Дверь поддалась, и Борис шагнул в комнату, держа топор в руке. Это больше всего и потрясло Надю, она была почему-то уверена, что он оставит топор за дверью.
У слабых и робких людей страх не только искажает восприятие, но и может подтолкнуть к самым неожиданным и необъяснимым поступкам. Пришел с топором в руке! С топором! — это было единственное, на чем сосредоточилось подавляемое страхом сознание Нади. С топором! И не размышляя, не загадывая о последствиях, подчиняясь только стремлению избавиться от ставшей нестерпимой угрозы, которой, вероятно, и не было, Надя сделала худшее из того, что можно было сделать в ее положении, она ударила мужа скалкой по руке, чтобы вышибить топор. И тогда Борис, нет ему ни оправдания, ни прощения, взмахнул топором и опустил его на голову Нади. Жизнь была сохранена, но в двадцать два года она стала инвалидом.
Надя брала всю ответственность на себя? если поверить ей, то Борис ударил ее, обороняясь. Но Борис не хотел этой спасительной неправды, он сознавал всю глубину своей виновности. За время от преступления до суда он изменился. Он обрел мужество быть правдивым с собой, мужество строгой и безобманной самооценки. Для такого, каким был Колпаков, разглядеть в себе и злое, и ничтожное, разглядеть и никак это не оправдывать, не приукрашивать, было делом мало сказать трудным — было мучительным. Чтобы решиться на него, требовалось душевное мужество. И Колпаков на него решился. Не кто иной, как он, и рассказал суду о том, как раньше оборачивал изъяны добродетелью и к чему это привело. Он понял, что если бы раньше не ублажал и не баюкал себя, а, не лукавя, по-честному осудил бы в себе и грубость, и несдержанность, и желание верховодить, то не искалечил бы свою душу и не смог бы, просто-напросто не смог бы, как не может любой морально здоровый человек, занести топор над головой жены.

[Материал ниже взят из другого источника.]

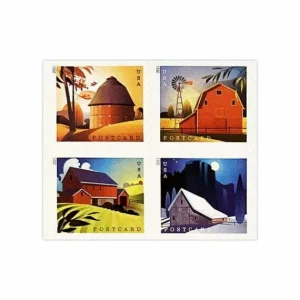 2021 Barns Postcard Rate Stamps 100pcs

Прокурор и адвокат Колпакова не допрашивали: все, что он мог сказать, он сказал.
Показания свидетелей-соседей, ничего не изменив в сущности дела, позволили отчетливее представить себе, как развивались события в тот июньский вечер в большой коммунальной квартире.
Разными словами, но, если обнажить мысль, одинаково говорили свидетели о человеческих свойствах Бориса и Нади. Свидетели давали показания охотно, они старались держать в узде и жалость, и негодование, они выполняли свой гражданский долг и были довольны тем, как это делали.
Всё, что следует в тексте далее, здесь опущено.